*** Extracted data Section Begins ***
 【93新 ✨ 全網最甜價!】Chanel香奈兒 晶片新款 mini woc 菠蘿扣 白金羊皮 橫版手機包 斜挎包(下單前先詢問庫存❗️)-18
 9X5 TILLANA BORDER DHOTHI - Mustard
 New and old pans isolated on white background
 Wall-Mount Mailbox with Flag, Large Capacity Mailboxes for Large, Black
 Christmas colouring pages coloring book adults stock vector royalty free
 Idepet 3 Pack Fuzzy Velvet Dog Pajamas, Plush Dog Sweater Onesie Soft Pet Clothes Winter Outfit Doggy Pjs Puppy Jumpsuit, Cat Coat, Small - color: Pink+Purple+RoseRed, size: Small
*** Extracted data Section Ends ***
Copy the data once more. Leave nothing out.

 【93新 ✨ 全網最甜價!】Chanel香奈兒 晶片新款 mini woc 菠蘿扣 白金羊皮 橫版手機包 斜挎包(下單前先詢問庫存❗️)-18
 9X5 TILLANA BORDER DHOTHI - Mustard
 New and old pans isolated on white background
 Wall-Mount Mailbox with Flag, Large Capacity Mailboxes for Large, Black
 Christmas colouring pages coloring book adults stock vector royalty free
 Idepet 3 Pack Fuzzy Velvet Dog Pajamas, Plush Dog Sweater Onesie Soft Pet Clothes Winter Outfit Doggy Pjs Puppy Jumpsuit, Cat Coat, Small - color: Pink+Purple+RoseRed, size: Small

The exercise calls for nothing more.